Gov. Greg Abbott is continuing to double down on his support for school choice legislation, as National School Choice Week is recognized across the country.
It’s National #SchoolChoiceWeek.
Parents know what is best for their children’s education.
— Gov. Greg Abbott (@GovAbbott) January 23, 2023
National School Choice Week has been recognized every January since 2011. A project of the Florida-based National School Choice Awareness Foundation, the weeklong event “informs, inspires, and empowers parents to discover the K-12 education options available for their children, while generating widespread public awareness of the importance of opportunity in K-12 education.”

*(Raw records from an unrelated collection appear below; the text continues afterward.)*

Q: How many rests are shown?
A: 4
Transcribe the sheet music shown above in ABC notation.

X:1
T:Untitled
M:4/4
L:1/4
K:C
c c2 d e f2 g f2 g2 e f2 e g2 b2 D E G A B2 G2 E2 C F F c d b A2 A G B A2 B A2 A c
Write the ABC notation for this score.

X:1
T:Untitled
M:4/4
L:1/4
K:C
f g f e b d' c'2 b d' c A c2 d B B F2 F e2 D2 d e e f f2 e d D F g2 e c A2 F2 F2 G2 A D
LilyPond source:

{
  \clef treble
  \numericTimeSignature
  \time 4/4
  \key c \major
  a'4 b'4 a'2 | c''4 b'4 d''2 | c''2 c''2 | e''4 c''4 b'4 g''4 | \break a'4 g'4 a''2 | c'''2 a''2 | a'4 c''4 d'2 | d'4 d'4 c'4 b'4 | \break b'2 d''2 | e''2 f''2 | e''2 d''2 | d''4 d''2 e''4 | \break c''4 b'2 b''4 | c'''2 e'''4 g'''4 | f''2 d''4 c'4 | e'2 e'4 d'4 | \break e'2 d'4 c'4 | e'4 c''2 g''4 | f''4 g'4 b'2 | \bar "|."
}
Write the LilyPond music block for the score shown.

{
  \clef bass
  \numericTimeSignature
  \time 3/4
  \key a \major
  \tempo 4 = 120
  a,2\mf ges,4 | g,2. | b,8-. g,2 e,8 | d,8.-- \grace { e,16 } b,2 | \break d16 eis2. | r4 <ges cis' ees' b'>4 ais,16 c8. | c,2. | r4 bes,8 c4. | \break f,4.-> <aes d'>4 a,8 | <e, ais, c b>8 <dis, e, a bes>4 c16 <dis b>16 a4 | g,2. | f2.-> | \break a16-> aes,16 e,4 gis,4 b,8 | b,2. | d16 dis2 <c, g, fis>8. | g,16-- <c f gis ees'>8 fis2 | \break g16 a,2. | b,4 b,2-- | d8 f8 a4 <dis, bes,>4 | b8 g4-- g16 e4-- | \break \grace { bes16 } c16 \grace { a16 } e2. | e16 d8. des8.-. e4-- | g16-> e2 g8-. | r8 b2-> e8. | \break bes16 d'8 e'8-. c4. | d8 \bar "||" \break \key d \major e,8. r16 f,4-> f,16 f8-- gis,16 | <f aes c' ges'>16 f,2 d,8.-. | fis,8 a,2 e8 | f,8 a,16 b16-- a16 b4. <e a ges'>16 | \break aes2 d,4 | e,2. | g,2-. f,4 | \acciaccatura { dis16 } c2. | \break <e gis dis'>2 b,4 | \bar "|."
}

During the week, participating schools host community outreach events where attendees can receive the movement’s iconic yellow scarves, and politicians speak at gatherings to promote school choice.
In the context of the annual event, “school choice” refers to awareness of all K-12 education options, from traditional public schools to charter schools, private schools, homeschooling, and online learning. In recent years, however, the term has come to refer to the availability of state-funded alternatives to public schools and the effort to expand those alternatives so that parents have the financial freedom to choose the education that’s best for their children.
Texas is one of 45 states that allow charter schools, but lawmakers have not authorized state funding for any other form of K-12 alternative to public education, making Texas one of 19 states to share this distinction. Efforts to pass school choice legislation in Texas have failed repeatedly since the mid-1990s, though several bills have received the approval of the Senate only to be killed in the House, the most recent such occurrence being in 2017.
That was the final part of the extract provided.